Required action:
Pictures in the material below are to be left out, and only the lines from the line with "Proxtend U/Utp Cat5e" up to and including the line with "Carro 1.8 CL 8V ÁLCOOL 2P MANUAL" are to be written out exactly.

Material provided:
======

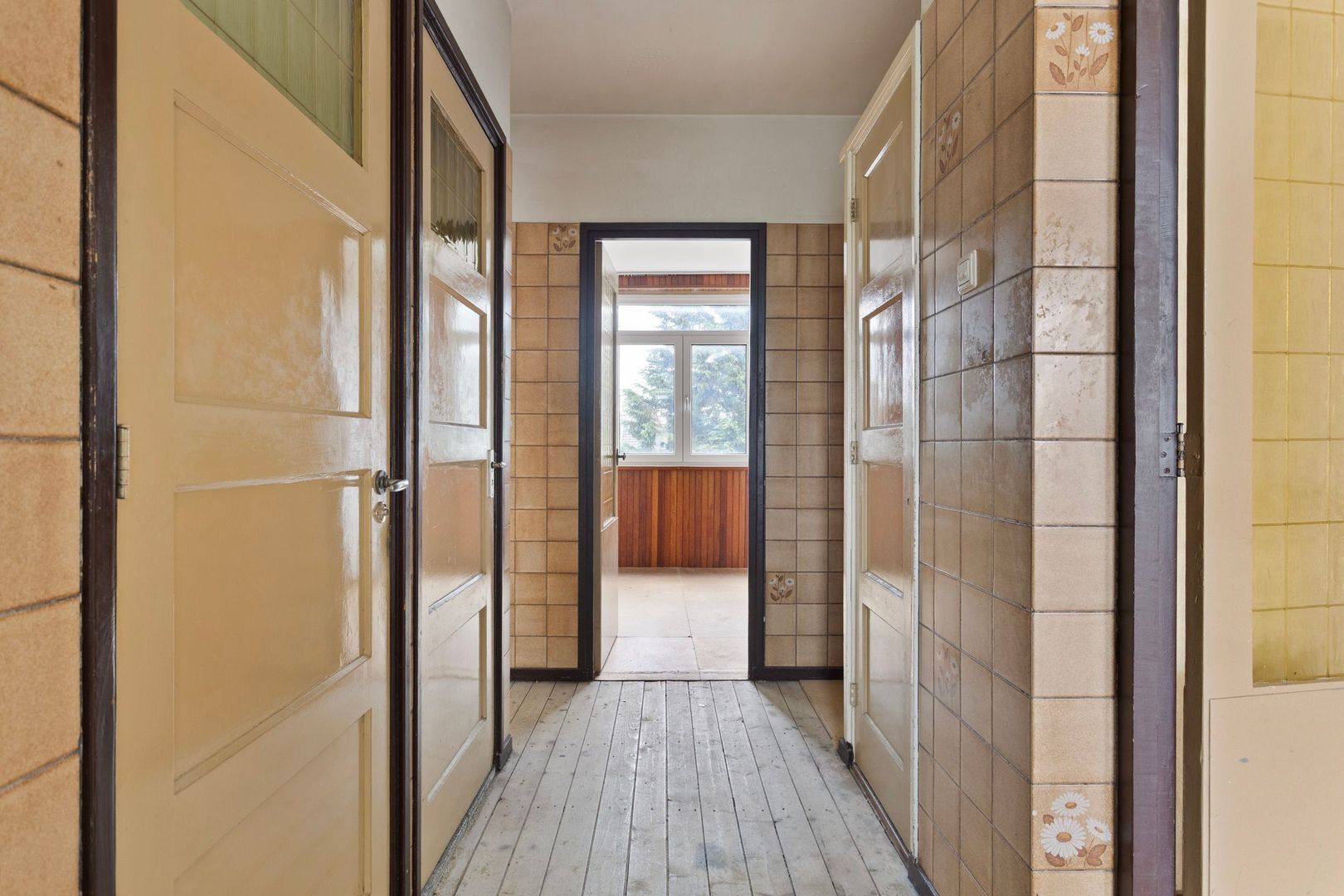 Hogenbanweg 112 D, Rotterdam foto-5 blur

======

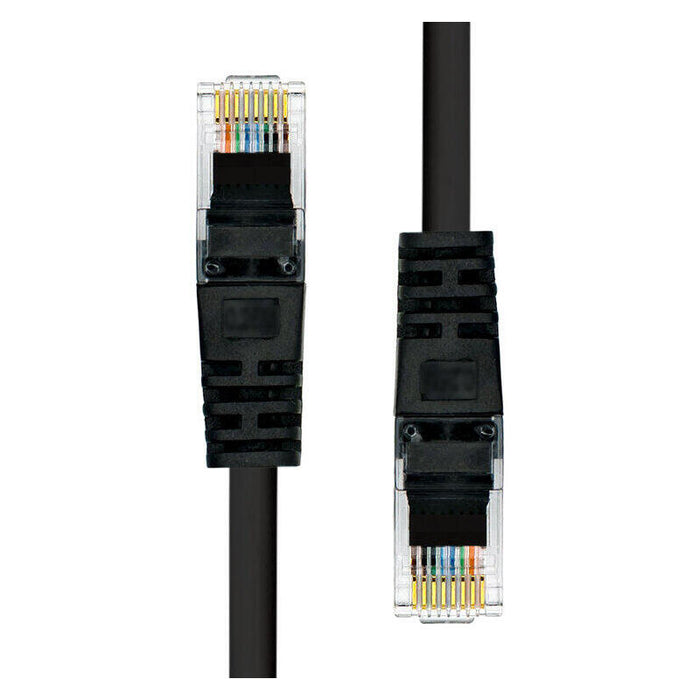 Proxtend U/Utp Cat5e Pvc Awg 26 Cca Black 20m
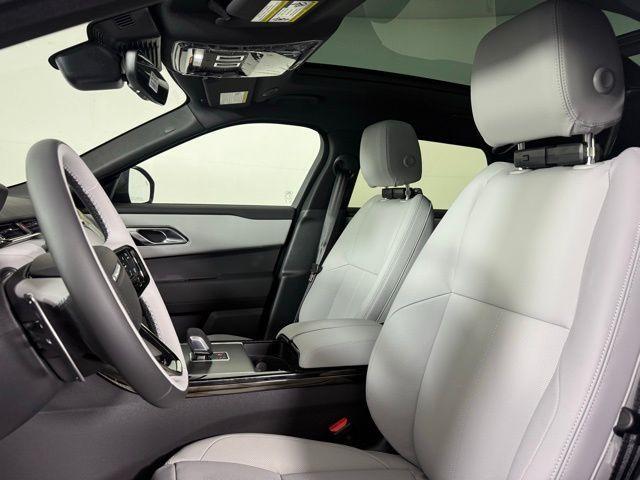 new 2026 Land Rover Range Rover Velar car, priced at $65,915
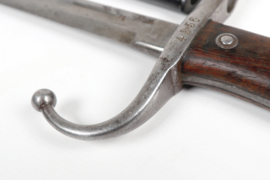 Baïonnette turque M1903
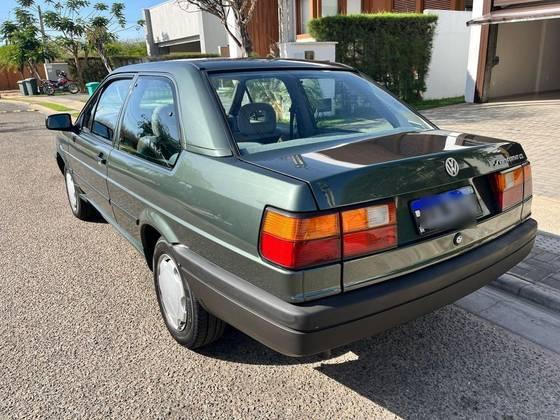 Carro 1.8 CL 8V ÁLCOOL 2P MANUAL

======

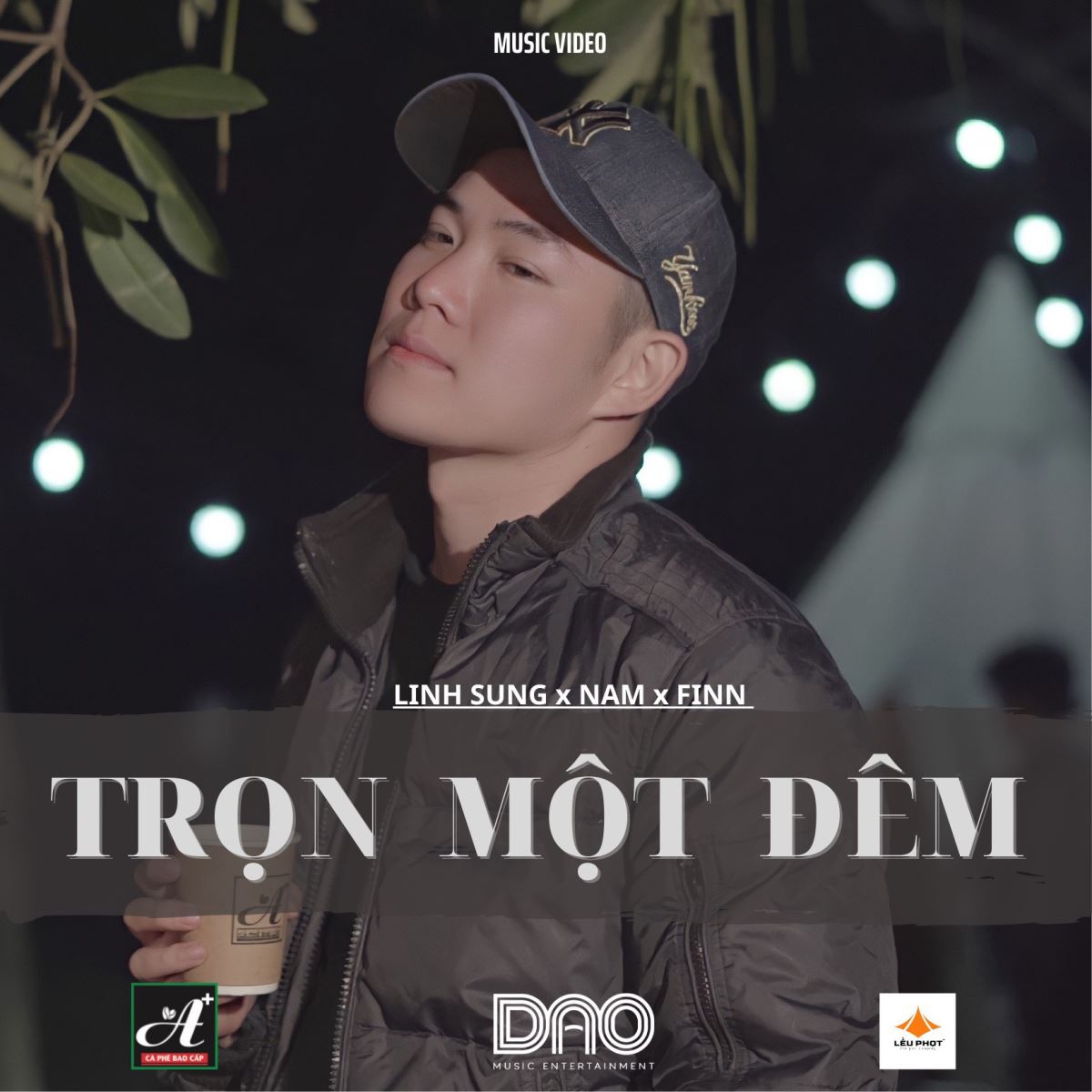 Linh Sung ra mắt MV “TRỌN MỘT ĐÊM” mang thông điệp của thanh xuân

======

Exercise result:
 Proxtend U/Utp Cat5e Pvc Awg 26 Cca Black 20m
 new 2026 Land Rover Range Rover Velar car, priced at $65,915
 Baïonnette turque M1903
 Carro 1.8 CL 8V ÁLCOOL 2P MANUAL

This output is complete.